0
votes

I am working on parsing different types of files (text,xml,csv etc.) into a specific text file format using spark java API. This output file maintains the order of file header, start tag, data header, data and end tag. All of these element are extracted from input file at some point. I tried to achieve this in below 2 ways:

  1. Read file to RDD using sparks textFile and perform parsing by using map or mapPartions which returns new RDD.
  2. Read file using sparks textFile , reduce to 1 partition using coalesce and perform parsing by using mapPartions which returns new RDD.
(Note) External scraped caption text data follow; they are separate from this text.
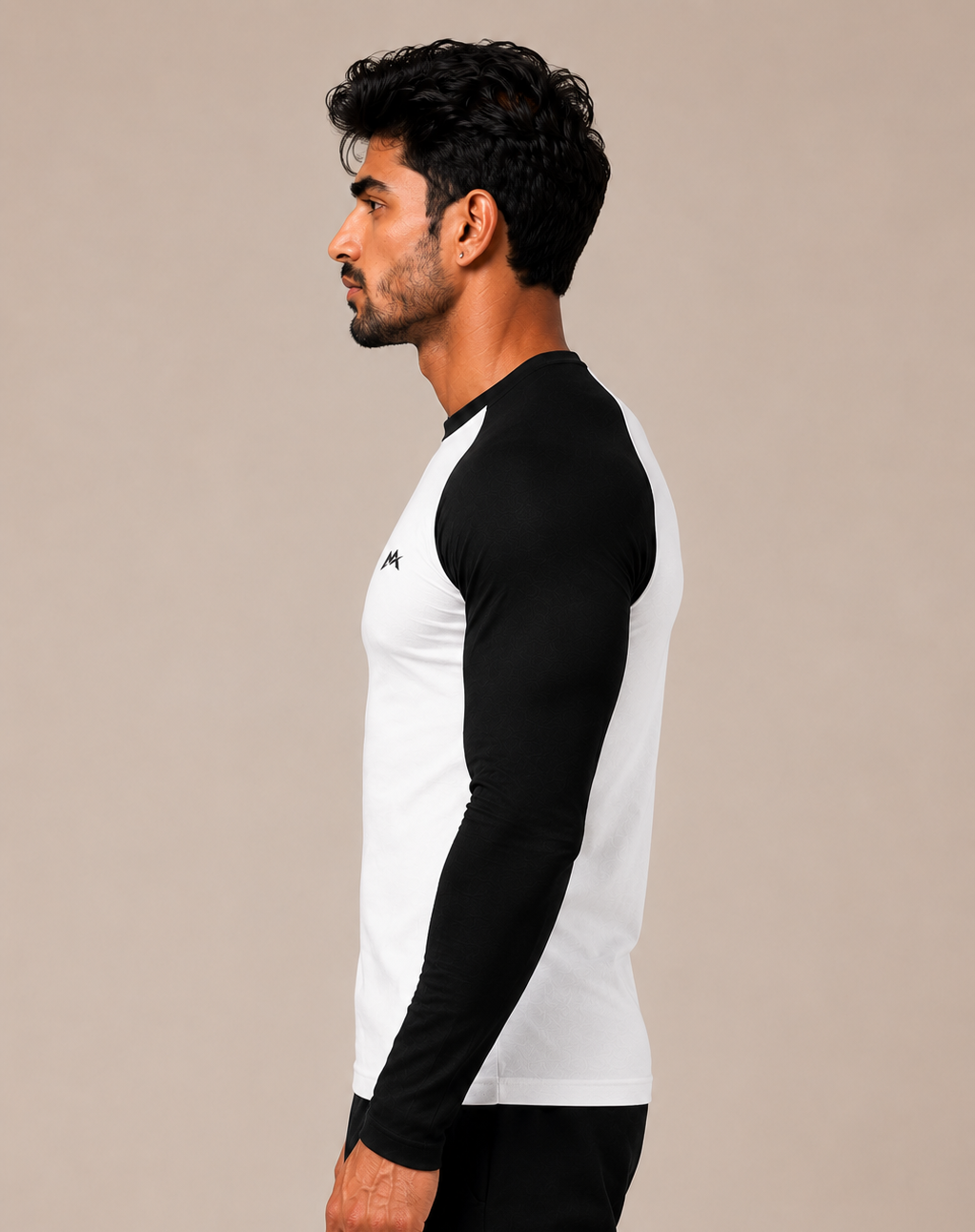 Unisex raglan t-shirt in black and white with three-quarter sleeves, featuring a casual sporty look by myattractivethings.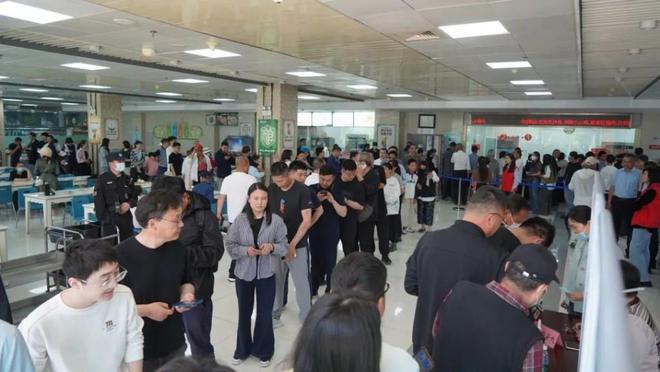 五一假期多地政府食堂对外开放：部分机关食堂饭菜“秒没”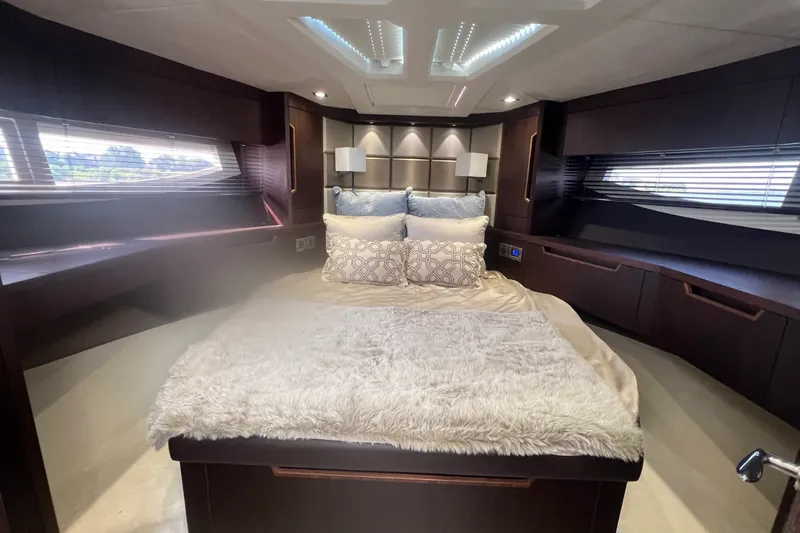 Slide: The Image of Galeon 500 FLY 2019 - 58
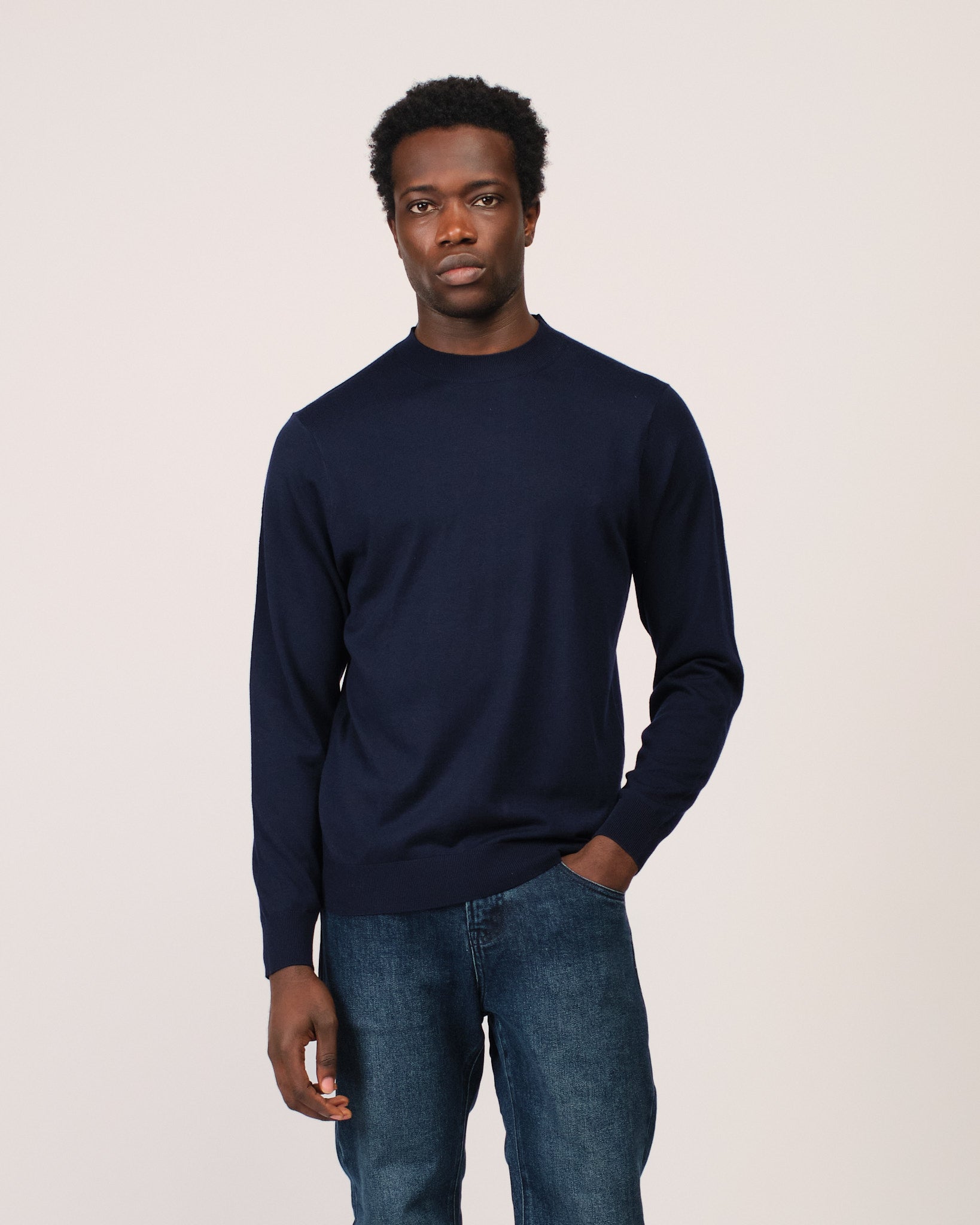 The Fine Cashmere Crewneck Navy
While I am not concerned about sequencing of actual data, with first approach I am not able to keep the required order of File Header, Start Tag, Data Header and End Tag. The latter works for me, but I know it is not efficient way and may cause problem in case of BIG files.
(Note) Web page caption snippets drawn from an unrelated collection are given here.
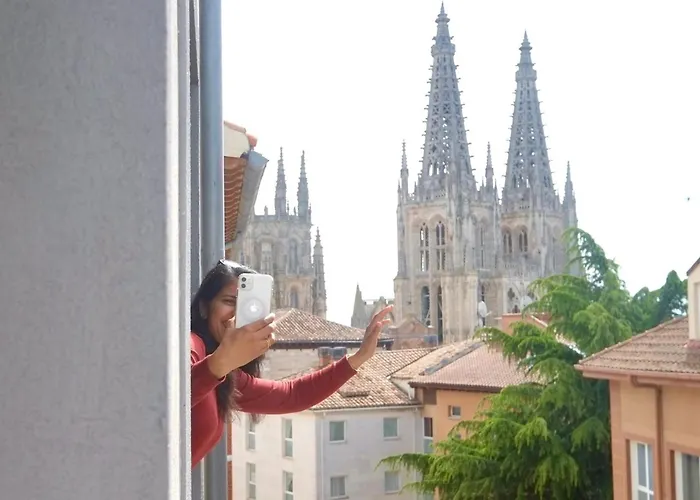 Entre Castillo Y Catedral Vut 09587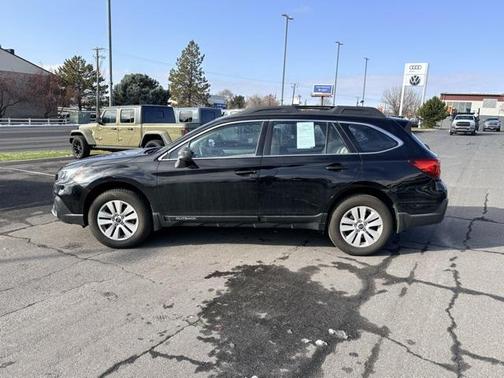 2019 Subaru Outback 2.5i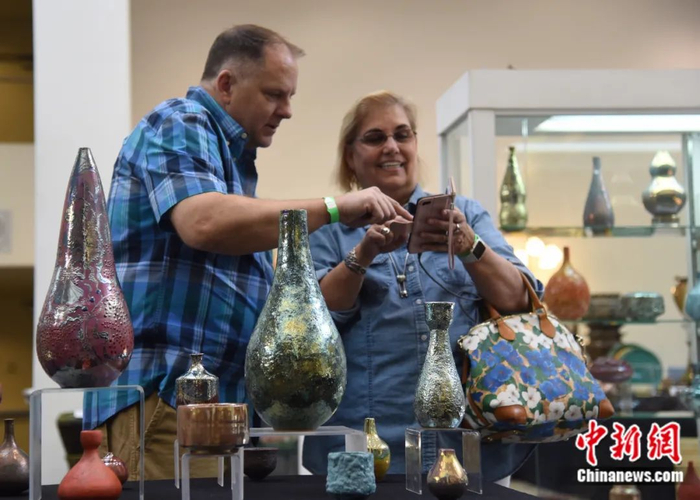2017年5月，美国洛杉矶举办一年一度的陶瓷艺术展。中新社记者  张朔 摄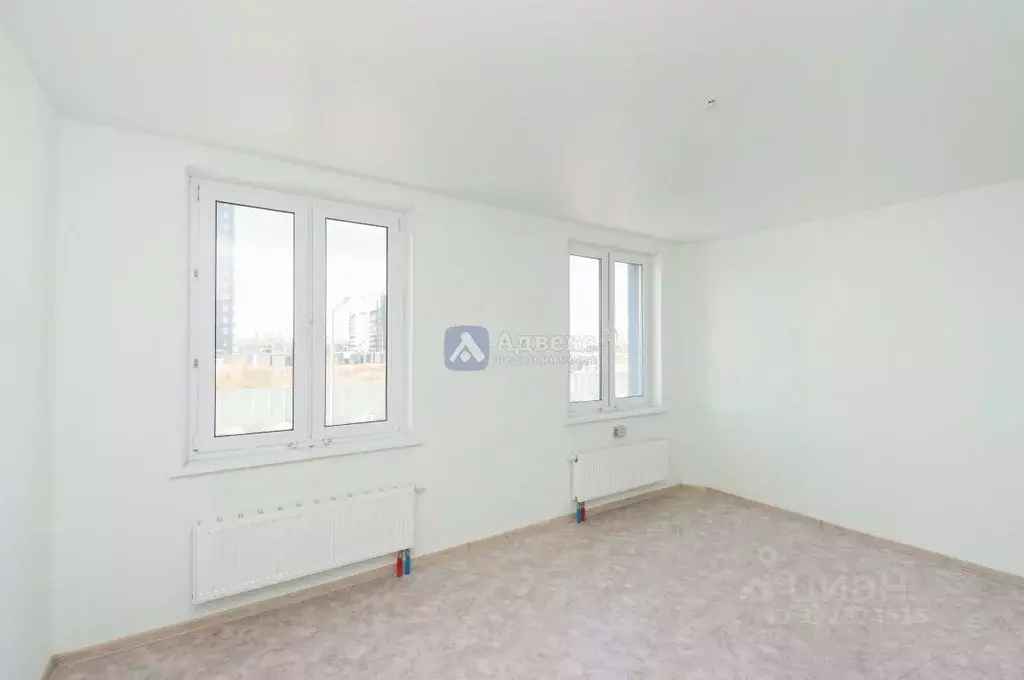 2-к кв. Тюменская область, Тюмень ул. Героев Космоса, 17 (55.6 м) - Фото 2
Is there any efficient way to achieve this?

1

1 Answers

0
votes

You are correct in you assumptions. The second choice simply cancels the distributional aspect of your application, so it's not scalable. For the order issue, as the concept is asynchronous, we cannot keep track of order when the data reside in different nodes. What you could do is some preprocessing that would cancel the need for order. Meaning, merge lines up to the point where the line order does not matter and only then distribute your file. Unless you can make assumptions about the file structure, such as number of lines that belong together, I would go with the above.